• **Action item**: Beginning with the line that holds "PREMIUM BROWN AUTHENTIC" and finishing with the line that holds "अगली पीढ़ी के", repeat the listing exactly, leaving every picture out.

• **Exercise data**:

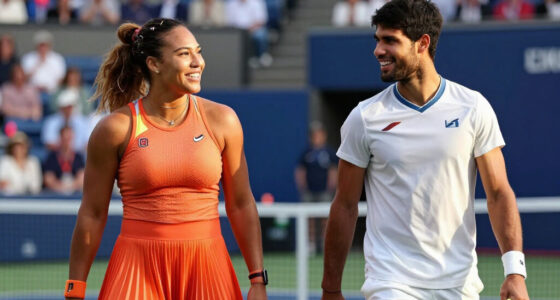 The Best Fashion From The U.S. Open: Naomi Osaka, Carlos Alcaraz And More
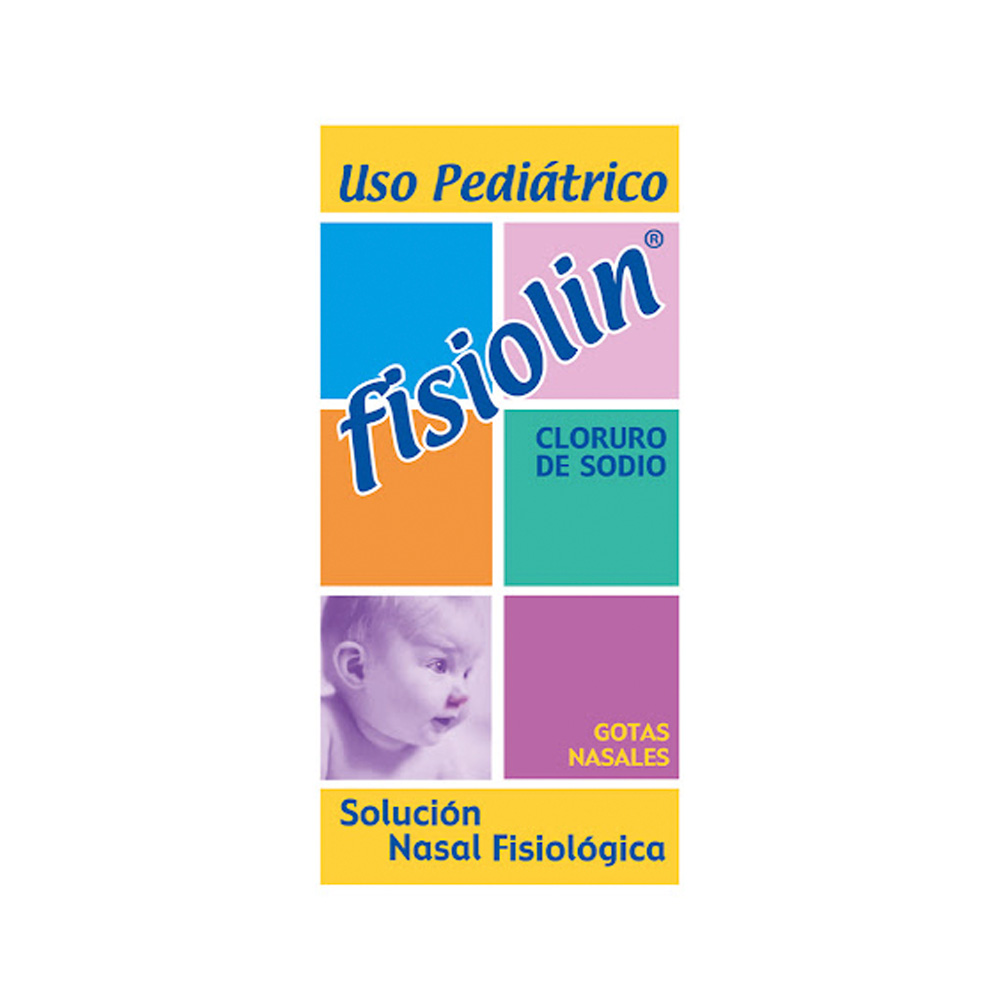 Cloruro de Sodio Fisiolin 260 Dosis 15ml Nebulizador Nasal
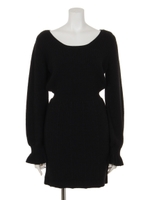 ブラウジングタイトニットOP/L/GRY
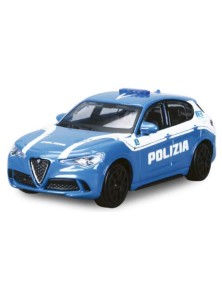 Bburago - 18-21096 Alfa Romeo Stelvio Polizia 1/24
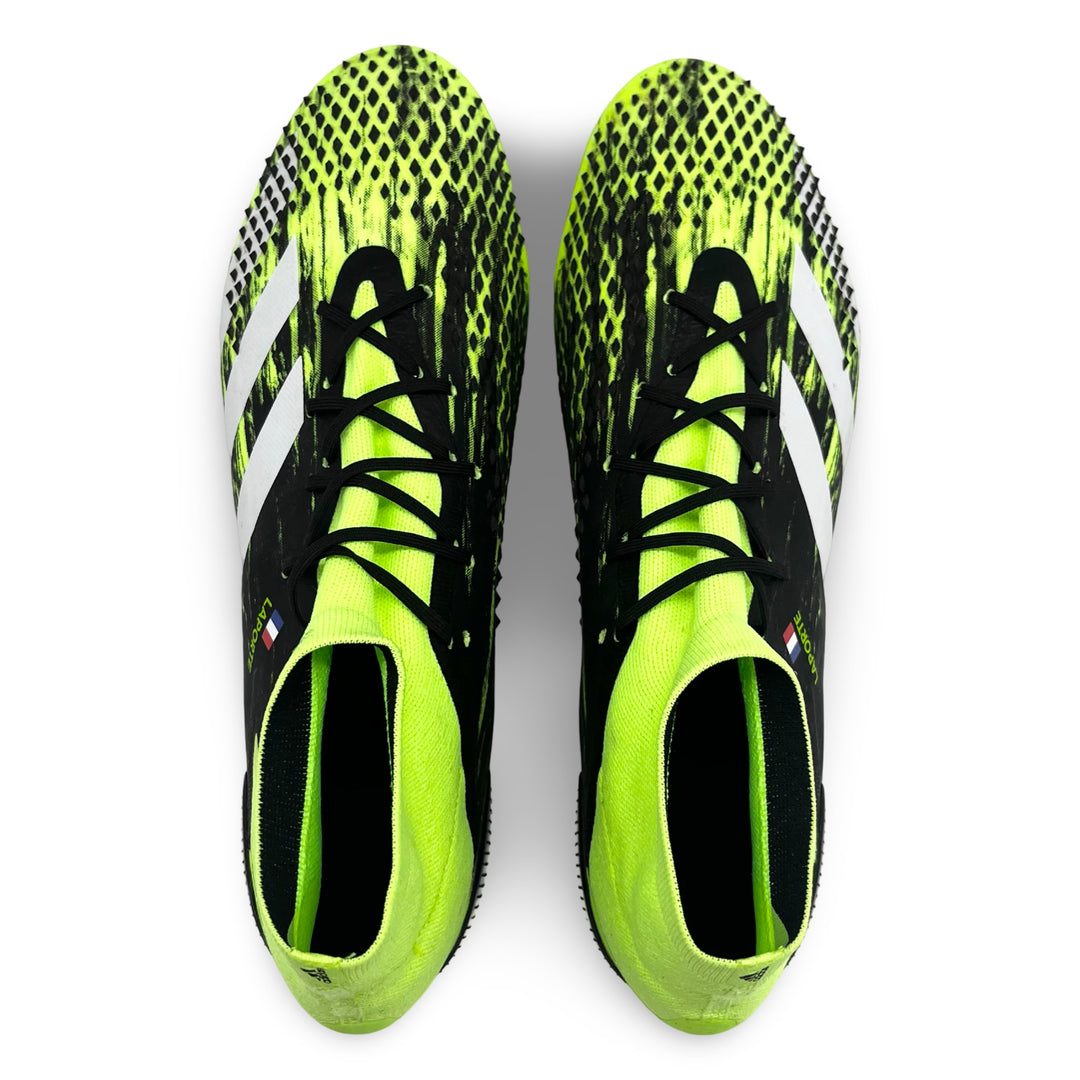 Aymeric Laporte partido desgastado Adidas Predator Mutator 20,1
...
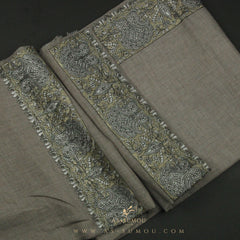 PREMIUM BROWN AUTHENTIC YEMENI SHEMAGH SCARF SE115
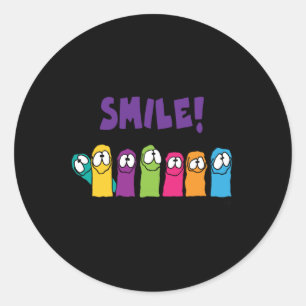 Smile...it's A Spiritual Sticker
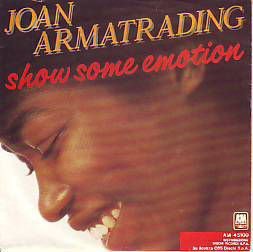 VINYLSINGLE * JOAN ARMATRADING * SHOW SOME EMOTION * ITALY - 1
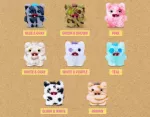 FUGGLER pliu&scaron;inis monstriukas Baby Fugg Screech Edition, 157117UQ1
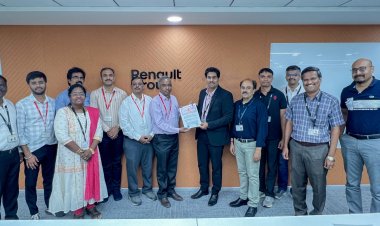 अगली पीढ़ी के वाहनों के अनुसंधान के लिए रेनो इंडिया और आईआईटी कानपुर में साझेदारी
==
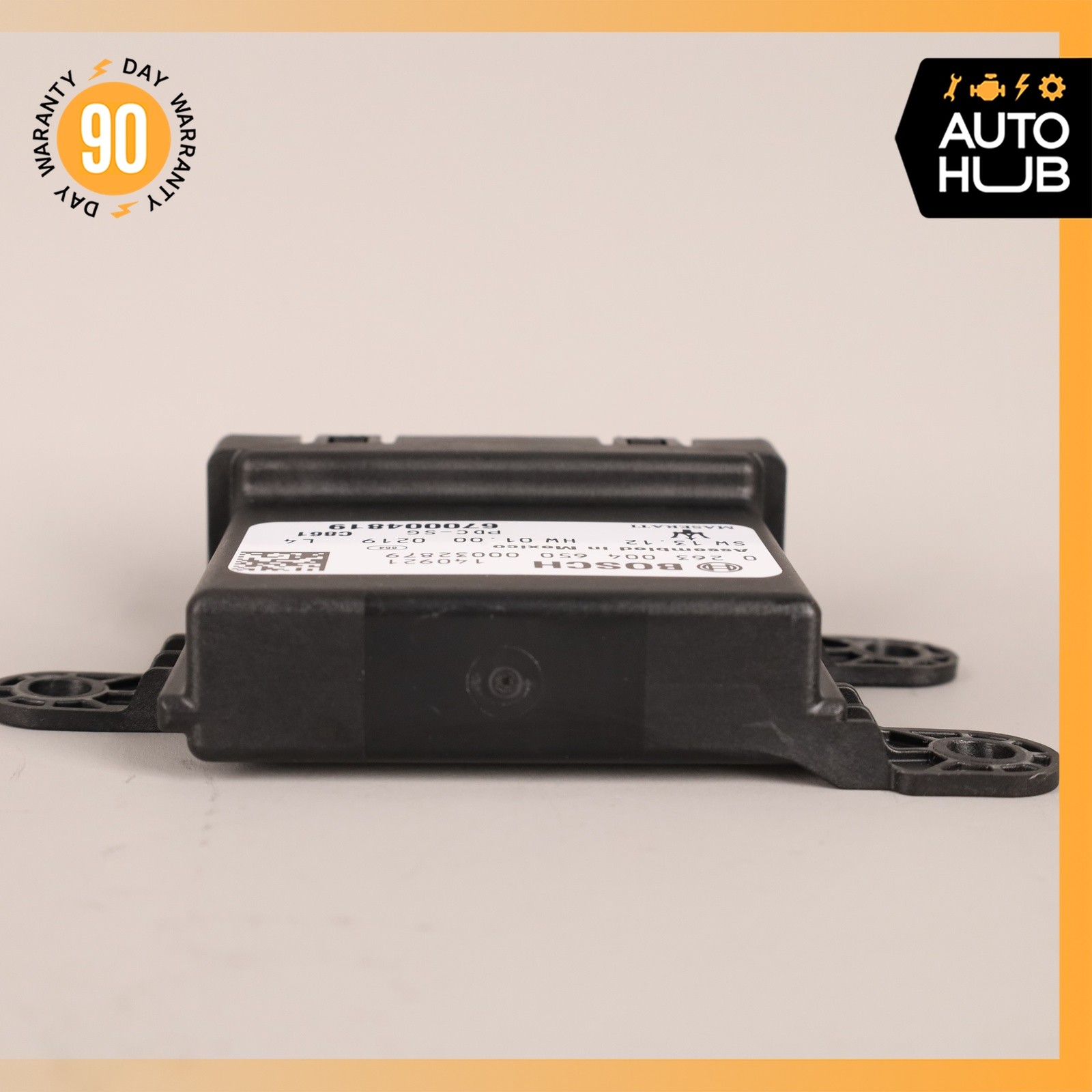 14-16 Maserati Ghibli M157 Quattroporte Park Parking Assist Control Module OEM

• **Exercise answer**:
 PREMIUM BROWN AUTHENTIC YEMENI SHEMAGH SCARF SE115
 Smile...it's A Spiritual Sticker
 VINYLSINGLE * JOAN ARMATRADING * SHOW SOME EMOTION * ITALY - 1
 FUGGLER pliu&scaron;inis monstriukas Baby Fugg Screech Edition, 157117UQ1
 अगली पीढ़ी के वाहनों के अनुसंधान के लिए रेनो इंडिया और आईआईटी कानपुर में साझेदारी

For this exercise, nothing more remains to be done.